Bien sûr, cette idée ne prit pas tout de suite forme en termes aussi radicaux, mais ses principaux traits sont clairement visibles dans les premiers textes nationaux-bolcheviques réunis dans la brochure Changement d’orientation, publiée à Prague au début de l’année 1921. Les auteurs de la brochure étaient Y. Kliouchnikov, Y. Potekhine, S. Chakhotine, A. Bobrischev-Pouchkine, l’ancien procureur du Saint-Synode S. Loukyanov, mais c’est Ustryalov qui jouait le rôle d’intellectuel principal dans ce mouvement qui prit le nom de Changement d’orientation.

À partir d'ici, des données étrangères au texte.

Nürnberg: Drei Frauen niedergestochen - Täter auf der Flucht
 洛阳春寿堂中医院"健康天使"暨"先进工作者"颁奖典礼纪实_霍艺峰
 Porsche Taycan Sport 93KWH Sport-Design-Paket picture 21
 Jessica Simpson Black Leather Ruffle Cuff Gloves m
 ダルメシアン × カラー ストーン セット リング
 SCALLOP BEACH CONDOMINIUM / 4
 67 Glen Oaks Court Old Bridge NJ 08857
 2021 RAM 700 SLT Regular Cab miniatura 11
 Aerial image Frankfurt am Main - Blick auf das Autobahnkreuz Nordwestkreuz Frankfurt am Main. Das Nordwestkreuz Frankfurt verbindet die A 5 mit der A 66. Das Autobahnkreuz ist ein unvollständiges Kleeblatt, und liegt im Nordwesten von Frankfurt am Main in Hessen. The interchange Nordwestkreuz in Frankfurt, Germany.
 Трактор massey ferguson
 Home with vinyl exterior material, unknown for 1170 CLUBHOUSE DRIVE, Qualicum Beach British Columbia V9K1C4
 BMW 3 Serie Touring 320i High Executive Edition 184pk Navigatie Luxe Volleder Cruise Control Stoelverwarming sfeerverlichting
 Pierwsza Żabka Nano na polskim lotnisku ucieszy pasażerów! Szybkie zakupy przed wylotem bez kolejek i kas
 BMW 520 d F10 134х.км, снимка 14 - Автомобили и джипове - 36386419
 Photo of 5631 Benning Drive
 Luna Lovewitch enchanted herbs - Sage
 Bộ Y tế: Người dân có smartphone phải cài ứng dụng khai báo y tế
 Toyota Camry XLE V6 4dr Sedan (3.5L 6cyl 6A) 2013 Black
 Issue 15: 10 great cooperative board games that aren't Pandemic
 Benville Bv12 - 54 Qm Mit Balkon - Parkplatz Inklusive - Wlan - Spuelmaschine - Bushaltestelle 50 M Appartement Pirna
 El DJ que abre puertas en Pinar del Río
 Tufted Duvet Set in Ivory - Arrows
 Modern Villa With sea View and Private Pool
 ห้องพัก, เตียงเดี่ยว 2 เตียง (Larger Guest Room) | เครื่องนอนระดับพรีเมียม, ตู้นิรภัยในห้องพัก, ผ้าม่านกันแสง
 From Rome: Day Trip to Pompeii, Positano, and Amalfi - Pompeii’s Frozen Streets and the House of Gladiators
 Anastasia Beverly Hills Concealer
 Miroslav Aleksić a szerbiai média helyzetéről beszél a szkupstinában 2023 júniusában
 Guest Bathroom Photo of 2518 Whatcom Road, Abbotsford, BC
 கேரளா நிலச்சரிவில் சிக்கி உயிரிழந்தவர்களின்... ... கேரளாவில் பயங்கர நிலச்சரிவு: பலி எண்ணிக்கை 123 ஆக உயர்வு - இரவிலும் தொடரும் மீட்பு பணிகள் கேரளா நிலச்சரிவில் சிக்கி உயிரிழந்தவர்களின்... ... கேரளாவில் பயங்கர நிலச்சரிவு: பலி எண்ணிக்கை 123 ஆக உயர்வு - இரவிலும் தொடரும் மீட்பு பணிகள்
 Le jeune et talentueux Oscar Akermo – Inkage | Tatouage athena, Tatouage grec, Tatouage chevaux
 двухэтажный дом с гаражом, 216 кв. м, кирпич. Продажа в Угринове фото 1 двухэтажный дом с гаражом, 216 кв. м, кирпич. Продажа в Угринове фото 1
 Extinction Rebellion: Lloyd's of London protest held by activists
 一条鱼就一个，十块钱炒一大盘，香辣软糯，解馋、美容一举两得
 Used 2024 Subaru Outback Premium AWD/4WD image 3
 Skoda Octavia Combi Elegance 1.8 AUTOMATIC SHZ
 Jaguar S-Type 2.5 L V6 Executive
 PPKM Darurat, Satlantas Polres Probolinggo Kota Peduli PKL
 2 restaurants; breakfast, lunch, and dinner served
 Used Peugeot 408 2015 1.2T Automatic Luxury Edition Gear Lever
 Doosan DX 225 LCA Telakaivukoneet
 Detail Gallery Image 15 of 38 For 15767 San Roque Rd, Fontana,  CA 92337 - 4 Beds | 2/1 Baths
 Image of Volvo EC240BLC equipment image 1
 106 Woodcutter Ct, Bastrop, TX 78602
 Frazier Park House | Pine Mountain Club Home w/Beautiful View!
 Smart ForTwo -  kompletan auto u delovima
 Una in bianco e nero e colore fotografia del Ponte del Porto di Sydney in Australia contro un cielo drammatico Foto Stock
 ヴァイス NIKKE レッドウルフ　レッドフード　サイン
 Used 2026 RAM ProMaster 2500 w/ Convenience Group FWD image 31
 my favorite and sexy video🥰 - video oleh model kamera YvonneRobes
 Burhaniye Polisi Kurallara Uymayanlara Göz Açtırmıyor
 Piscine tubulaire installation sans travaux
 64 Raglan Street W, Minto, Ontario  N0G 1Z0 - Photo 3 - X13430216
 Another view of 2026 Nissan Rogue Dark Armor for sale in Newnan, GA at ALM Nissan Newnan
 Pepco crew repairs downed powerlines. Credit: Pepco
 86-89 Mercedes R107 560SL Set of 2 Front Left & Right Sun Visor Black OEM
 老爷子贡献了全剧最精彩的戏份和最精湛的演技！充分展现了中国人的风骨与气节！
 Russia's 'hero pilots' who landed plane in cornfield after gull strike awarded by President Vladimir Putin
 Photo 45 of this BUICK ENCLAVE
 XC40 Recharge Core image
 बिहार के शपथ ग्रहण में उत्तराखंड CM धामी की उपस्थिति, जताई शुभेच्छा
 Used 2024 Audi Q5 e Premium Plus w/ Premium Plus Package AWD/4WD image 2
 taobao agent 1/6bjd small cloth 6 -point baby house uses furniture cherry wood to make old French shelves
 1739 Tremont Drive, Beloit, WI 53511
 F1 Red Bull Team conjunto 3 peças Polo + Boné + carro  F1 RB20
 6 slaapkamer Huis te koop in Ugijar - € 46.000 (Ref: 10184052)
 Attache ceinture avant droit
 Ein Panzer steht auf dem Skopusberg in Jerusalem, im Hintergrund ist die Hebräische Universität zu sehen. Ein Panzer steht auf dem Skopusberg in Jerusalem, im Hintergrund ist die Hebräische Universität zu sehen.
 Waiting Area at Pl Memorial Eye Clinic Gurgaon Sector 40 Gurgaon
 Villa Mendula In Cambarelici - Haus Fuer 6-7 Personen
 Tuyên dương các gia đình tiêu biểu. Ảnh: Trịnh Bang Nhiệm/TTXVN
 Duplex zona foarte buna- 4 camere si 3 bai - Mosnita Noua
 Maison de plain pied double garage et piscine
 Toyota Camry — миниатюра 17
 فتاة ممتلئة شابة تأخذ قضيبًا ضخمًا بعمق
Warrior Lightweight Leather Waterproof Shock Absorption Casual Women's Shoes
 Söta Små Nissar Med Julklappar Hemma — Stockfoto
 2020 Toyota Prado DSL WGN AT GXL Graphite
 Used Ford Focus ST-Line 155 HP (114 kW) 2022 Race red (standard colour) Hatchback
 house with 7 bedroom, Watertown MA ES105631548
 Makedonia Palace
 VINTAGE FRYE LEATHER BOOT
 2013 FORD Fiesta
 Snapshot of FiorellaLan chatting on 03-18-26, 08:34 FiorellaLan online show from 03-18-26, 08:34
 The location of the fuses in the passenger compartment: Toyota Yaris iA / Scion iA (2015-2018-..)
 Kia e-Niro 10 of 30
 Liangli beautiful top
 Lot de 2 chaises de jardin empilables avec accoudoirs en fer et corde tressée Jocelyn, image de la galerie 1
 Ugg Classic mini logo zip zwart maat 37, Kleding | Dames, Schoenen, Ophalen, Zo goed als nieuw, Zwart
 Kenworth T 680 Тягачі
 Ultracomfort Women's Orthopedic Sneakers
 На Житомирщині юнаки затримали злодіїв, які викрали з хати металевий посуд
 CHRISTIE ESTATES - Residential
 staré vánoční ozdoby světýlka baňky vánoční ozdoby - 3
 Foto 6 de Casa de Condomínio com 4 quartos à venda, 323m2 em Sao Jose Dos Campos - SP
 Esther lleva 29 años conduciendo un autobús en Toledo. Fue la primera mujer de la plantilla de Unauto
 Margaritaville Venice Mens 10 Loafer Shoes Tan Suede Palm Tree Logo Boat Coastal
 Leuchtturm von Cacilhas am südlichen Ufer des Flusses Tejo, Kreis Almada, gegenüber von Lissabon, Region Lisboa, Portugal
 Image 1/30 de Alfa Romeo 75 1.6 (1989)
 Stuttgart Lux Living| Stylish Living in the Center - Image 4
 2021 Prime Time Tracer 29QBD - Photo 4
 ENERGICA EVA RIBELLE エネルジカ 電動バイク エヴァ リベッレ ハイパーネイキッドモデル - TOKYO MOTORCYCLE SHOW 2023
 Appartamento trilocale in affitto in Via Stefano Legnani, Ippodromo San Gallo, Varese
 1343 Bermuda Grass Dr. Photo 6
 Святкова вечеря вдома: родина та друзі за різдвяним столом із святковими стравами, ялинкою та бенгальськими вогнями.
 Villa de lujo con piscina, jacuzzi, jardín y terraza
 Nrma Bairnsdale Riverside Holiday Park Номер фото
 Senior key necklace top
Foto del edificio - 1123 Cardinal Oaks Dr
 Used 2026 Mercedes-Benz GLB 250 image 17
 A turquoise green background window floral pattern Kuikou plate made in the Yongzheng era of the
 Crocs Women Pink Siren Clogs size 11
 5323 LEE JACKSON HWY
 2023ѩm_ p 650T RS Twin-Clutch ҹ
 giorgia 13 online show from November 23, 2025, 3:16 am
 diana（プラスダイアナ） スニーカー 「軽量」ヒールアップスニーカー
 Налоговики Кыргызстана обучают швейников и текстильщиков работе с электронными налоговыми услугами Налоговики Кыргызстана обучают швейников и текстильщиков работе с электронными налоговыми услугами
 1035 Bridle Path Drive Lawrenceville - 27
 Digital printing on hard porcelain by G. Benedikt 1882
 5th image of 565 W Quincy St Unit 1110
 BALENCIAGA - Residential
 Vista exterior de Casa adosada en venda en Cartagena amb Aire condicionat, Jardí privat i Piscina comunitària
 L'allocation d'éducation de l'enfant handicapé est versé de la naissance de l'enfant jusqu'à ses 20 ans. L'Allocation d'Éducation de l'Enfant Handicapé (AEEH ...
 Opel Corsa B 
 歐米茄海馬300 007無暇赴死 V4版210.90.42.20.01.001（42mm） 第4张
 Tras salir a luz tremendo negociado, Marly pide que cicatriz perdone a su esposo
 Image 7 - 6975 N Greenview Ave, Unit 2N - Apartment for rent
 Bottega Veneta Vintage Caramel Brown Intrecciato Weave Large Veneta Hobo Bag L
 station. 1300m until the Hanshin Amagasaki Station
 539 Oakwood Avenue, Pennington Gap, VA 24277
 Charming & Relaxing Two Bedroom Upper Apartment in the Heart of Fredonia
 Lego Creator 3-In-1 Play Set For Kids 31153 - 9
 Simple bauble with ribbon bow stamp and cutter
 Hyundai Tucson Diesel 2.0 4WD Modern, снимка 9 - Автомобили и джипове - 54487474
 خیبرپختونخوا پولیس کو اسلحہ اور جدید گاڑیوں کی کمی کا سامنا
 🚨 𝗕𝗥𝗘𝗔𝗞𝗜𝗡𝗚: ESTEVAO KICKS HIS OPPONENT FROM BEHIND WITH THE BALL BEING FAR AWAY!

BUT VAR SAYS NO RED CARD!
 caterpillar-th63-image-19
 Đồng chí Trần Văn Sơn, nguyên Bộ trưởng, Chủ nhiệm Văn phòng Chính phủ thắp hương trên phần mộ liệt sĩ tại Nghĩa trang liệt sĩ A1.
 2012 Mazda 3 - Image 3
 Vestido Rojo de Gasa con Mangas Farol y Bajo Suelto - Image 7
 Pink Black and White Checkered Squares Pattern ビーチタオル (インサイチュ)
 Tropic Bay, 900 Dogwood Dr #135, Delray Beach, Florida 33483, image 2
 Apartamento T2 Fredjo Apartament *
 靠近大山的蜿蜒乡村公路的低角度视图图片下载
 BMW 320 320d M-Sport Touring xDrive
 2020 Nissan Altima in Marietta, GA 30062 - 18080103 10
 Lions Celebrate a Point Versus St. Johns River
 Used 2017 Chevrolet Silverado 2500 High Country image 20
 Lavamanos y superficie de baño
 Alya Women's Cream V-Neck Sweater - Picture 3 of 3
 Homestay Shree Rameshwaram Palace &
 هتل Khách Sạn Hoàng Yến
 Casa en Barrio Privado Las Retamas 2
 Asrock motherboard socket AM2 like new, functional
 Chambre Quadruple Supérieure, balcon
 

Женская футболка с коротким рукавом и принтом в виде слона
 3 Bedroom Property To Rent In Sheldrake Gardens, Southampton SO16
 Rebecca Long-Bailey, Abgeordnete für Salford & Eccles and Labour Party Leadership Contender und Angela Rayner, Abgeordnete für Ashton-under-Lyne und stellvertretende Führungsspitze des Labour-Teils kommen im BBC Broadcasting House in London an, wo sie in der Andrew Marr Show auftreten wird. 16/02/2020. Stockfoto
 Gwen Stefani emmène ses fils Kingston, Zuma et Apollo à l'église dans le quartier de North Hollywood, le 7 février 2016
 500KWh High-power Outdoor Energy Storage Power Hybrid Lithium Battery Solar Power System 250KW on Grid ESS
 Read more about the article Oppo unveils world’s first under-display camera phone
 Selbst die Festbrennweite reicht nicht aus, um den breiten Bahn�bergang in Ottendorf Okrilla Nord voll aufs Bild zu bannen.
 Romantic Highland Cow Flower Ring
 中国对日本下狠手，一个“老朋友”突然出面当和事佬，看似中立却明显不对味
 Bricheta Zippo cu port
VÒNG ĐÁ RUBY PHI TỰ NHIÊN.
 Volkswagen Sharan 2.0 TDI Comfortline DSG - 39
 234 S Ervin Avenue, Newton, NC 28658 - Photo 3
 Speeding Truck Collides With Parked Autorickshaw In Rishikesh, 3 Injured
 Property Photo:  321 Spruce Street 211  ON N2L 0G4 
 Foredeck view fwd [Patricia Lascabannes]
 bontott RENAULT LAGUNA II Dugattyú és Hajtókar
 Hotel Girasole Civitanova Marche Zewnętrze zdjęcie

Les bolcheviques eux-mêmes, en particulier Lénine, Trotski et Staline acceptèrent avec enthousiasme le Changement d’orientation car ils y voyaient la possibilité d’une sorte d’idéologie intermédiaire, capable d’attirer vers les nouvelles autorités des « spécialistes » et des couches importantes de la population civile, pas encore prêts à accepter le communisme dans sa forme la plus pure.
C’est par l’idéologie du Changement d’orientation que les autorités bolcheviques étaient reliées en pratique aux grandes couches sociales. Mais le pouvoir des idées est tellement grand qu’il n’est presque jamais possible de les utiliser à des fins purement pragmatiques, car les idées ont presque toujours l’effet inverse. Parallèlement à la façon dont les bolcheviques utilisèrent le Changement d’orientation à leurs propres fins, le Changement d’orientation lui-même influença activement l’évolution de l’idéologie bolchevique. Augursky montre que les plus purs marxistes orthodoxes, en particulier Zinoviev, en étaient bien conscients et luttèrent contre le national-bolchevisme dès le début, malgré les avantages pratiques qu’il apportait aux bolcheviques dans la période la plus difficile pour eux.
Parallèlement au Changement d’orientation, un autre courant, assez proche de celui-ci, se développa : l’eurasisme, du moins son aile gauche. Les partisans du Changement d’orientation et les eurasistes de gauche finirent par prendre complètement le parti des bolcheviques et la grande majorité d’entre eux retourna en Russie soviétique et s’intégra à la société socialiste.
Tous les auteurs qui firent une telle évolution, Kliouchnikov, Bobrischev-Pouchkine, Kirdetsov, Loukyanov, Lvov, furent répertoriés par Mikhaïl Agursky [dissident émigré en Israël en 1970, auteur de l’étude la plus complète sur le sujet] comme des « nationaux-bolcheviques de gauche » qu’il distingue des « nationaux-bolcheviques de droite » dont la plus haute autorité spirituelle était Ustryalov, qui resta hors de Russie à Harbin jusqu’au milieu des années 1930 et qui garda jusqu’à la fin une certaine distance vis-à-vis du système soviétique, malgré toute sa sympathie pour celui-ci.
L’étude d’Augursky montre clairement qu’il ne s’agit pas seulement d’un phénomène complexe et aux multiples facettes internes, mais d’un phénomène fondamentalement double. Bien qu’Augursky n’en parle nulle part directement, son national-bolchevisme dans son interprétation est divisé en deux composantes qui correspondent à ses deux aspects idéologiques. Par principe, nous parlons de la dualité de l’idéologie de la Révolution conservatrice elle-même dont une expression fut précisément le national-bolchevisme russe historique.
Il est révélateur que, dans le contexte
national-bolchevique, comme le rappelle Augursky, le terme « conservatisme
révolutionnaire », utilisé pour la première fois par le salve Samarine et
adopté par les idéologues allemands, ait été adopté par Isaïe Lezhnev, le
pilier du « national-bolchevisme de gauche » soviétique.